On Wednesday, Justice Sarang Kotwal had asked Vernon Gonsalves, an activist accused of naxal links, to explain why he kept ‘objectionable material’ like a copy of War and Peace at his home.
But counsel of a co-accused told the court on Thursday that the book the court referred to was in fact a collection of essays edited by Biswajit Roy, titled War and Peace in Junglemahal: People, State and Maoists.
According to its publishers, it is a ‘collection of essays by well-known activists and academics including mediators and examines the failed peace initiatives in context of the governments’ elitist developmental policies, doublespeak of parliamentary parties and Maoists’ follies’.
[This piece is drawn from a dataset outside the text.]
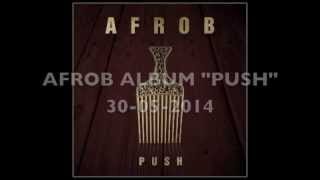 AFROB - Afrob Kommt (Free Track)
The judge’s remarks had stirred up thousands of reactions on Twitter. The hashtag #WarAndPeace was trending on the social media platform during the day.
The court’s clarification on Thursday came after the counsel for Gonsalves informed it that none of the books seized from the activist’s residence last year were banned by the government in accordance with Code of Criminal Procedure provisions.
Justice Kotwal said, “I knew that Tolstoy’s War and Peace was a literary classic. I was reading the whole list from the panchnama attached to the charge sheet. Basically the handwriting was so poor it was hardly legible. There were so many references to war….I know War and Peace. And there I was making a query (on why Gonsalves had copies of these books) but did not want to suggest that everything (seized) was incriminating.”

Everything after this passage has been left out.